A drawbar is a solid coupling between a hauling vehicle and its hauled load.  Drawbars are in common use with rail transport, road trailers, both large and small, industrial and recreational, and with agricultural equipment.

Agriculture and horse-drawn vehicles 
Agricultural equipment is hauled by a tractor mounted drawbar.  Specialist agricultural tools such as ploughs are attached to specialist drawbars which have functions in addition to transmitting tractive force. This was partly made redundant with Ferguson's development of the 3 point linkage in his famous TE20.
A wooden drawbar extends from the front of a wagon, cart, chariot or other horse-drawn vehicles to between the horses. A steel drawbar attaches a three-point hitch or other farm implement to a tractor.

Road
A drawbar is a towing or pushing connection between a tractive vehicle and its load.

Light vehicles
On light vehicles, the most common coupling is an A-frame drawbar coupled to a 1 7/8 inch or 50 mm tow ball.

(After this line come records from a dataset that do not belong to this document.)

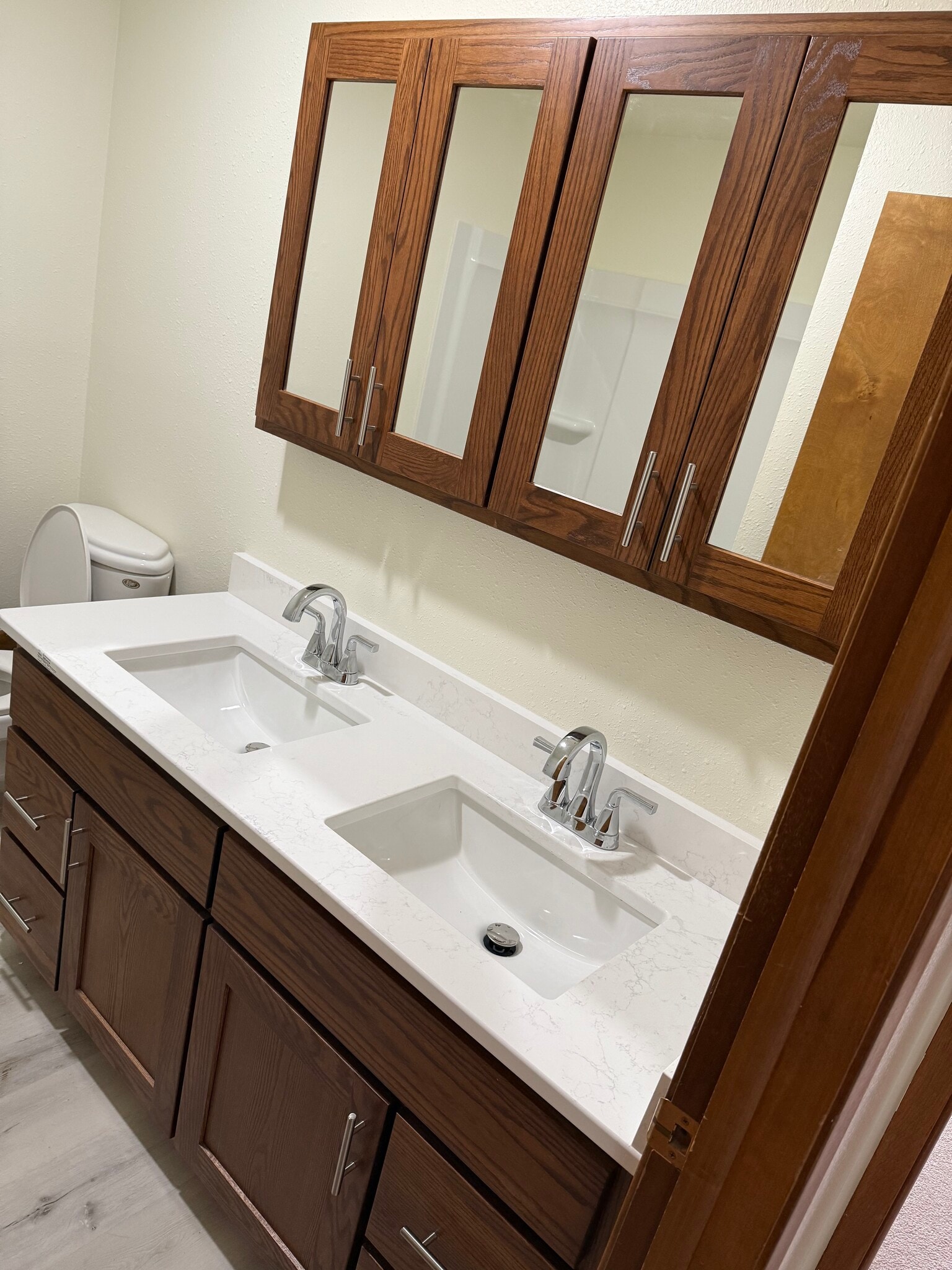 Building Photo - 111 W Golf Ave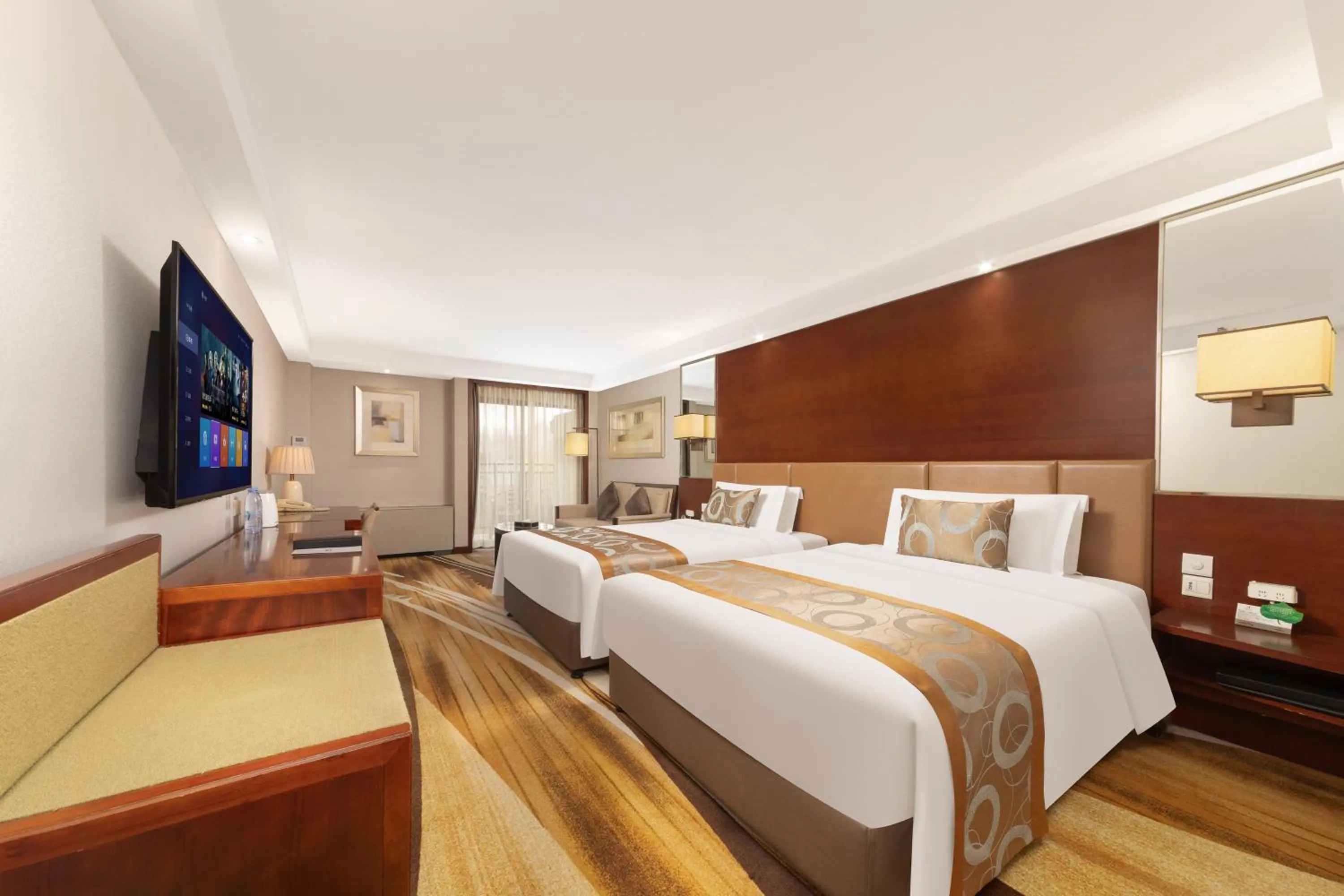 Bed in Jianguo Hotel Xi'an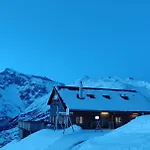 Lodge Chäserstatt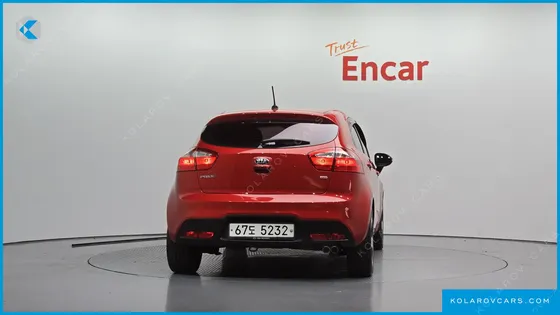 KIA PRIDE 1.6 GDI HATCHBACK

These drawbars transmit around 10% of the gross trailer weight through the coupling.

Heavy vehicles
The direction of haulage may be push or pull, though pushing tends to be for a pair of ballast tractors working, one pulling and the other pushing an exceptional load on a specialist trailer. The most common drawbar configuration for heavy vehicles is an A-frame drawbar at the front of a full trailer that connects to a tow coupling on a hauling vehicle

On heavy vehicles, the drawbar is coupled using a drawbar eye, typically of 40 mm or 50 mm diameter, connected to a bolt and pin coupling. Commonly seen brands include Ringfeder, V. Orlandi and Jost Rockinger. These drawbars transmit little or no downwards force through the coupling.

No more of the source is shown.